Traders were also looking for more evidence that U.S. oil inventories would drain with a surge in demand for heating as wintry weather swept across Europe and the United States.
Oil prices climbed 2.4 percent on Monday, led by futures of distillate heating fuels including gas oil, as cold weather raised expectations of higher fuel consumption.
U.S. crude for January <CLc1> fell 60 cents to $85.13 a barrel by 0934 GMT after rising $1.97 on Monday, when it briefly touched $85.90, the highest price since Nov. 12. Prices reached a 25-month high of $88.63 on Nov. 11.
ICE Brent <LCOc1> lost 50 cents to $86.84 after rising more than 2 percent on Monday.

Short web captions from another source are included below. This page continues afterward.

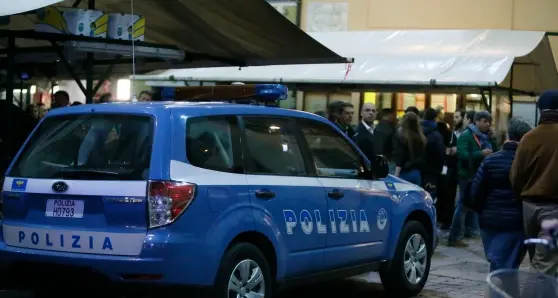 Piazza Erbe, il Comune minaccia il “coprifuoco” a Bolzano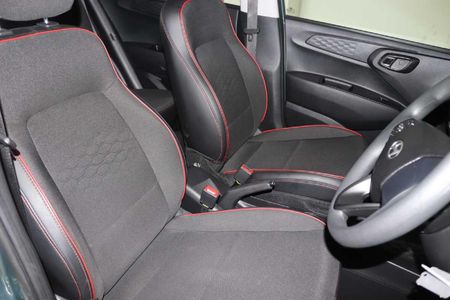 2025-Hyundai-Grand-i10-10-Motion_10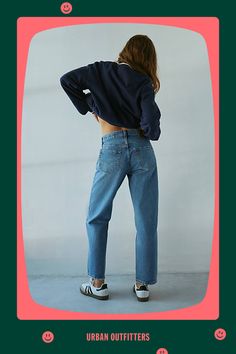 ‘90s-inspired Levi's® jean in loose straight-leg fit. Designed in a classic rigid, non-stretch denim featuring a mid-rise waist and a baggy straight-leg fit that crops at the ankle for an effortless finish. Features Levi's® 501 ‘90s ankle jeans Mid rise straight jeans Rigid non-stretch denim Mid rise waistline Baggy fit through hips and thighs Crops at the ankle 5-pocket styling Zip fly and button closure Content + Care 100% Cotton Machine wash Imported Size + Fit Mid rise Straight leg Ankle len Levi's Relaxed Fit Tapered Leg Jeans, Levi's Relaxed Fit Bottoms With Five Pockets, Trendy Levi's Rigid Denim Bottoms, Levi's Straight Fit Rigid Denim Bottoms, Casual Cropped Jeans For Fall Streetwear, Levi's Straight Fit Bottoms For Everyday, Levi's Everyday Bottoms For Fall, Levi's Relaxed Fit Jeans For Fall, Levi's Bottoms For Everyday Fall Wear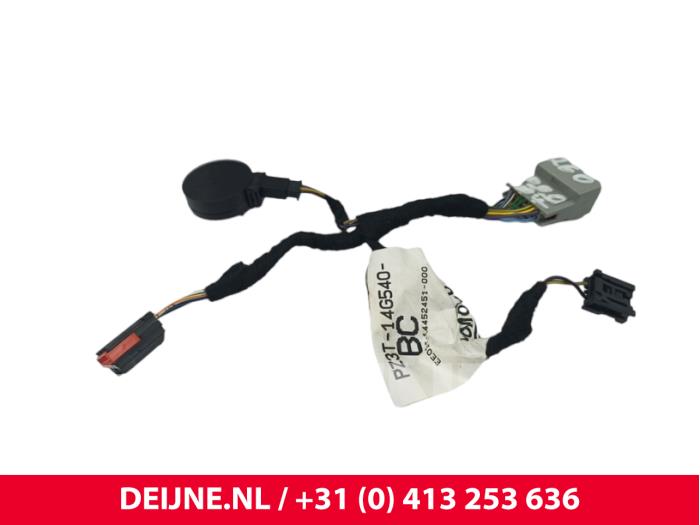 Begagnade Regnsensor Ford Transit Custom 2.0 EcoBlue 150 Pris € 30,25 Inklusive moms erbjuds av van Deijne Onderdelen Uden B.V.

The dollar index against a basket of currencies reached its highest level since mid-September as the euro <EUR=> tumbled on continuing fears that Ireland's bailout might not help keep Europe's debt woes contained. [
]"Oil rose on Monday on the cold weather but the dollar is also rising and oil cannot continue to defy gravity forever," said Carsten Fritsch, commodity analyst at Commerzbank.
"Oil prices should remain under pressure but will may not move decisively until we get the U.S. oil inventory data."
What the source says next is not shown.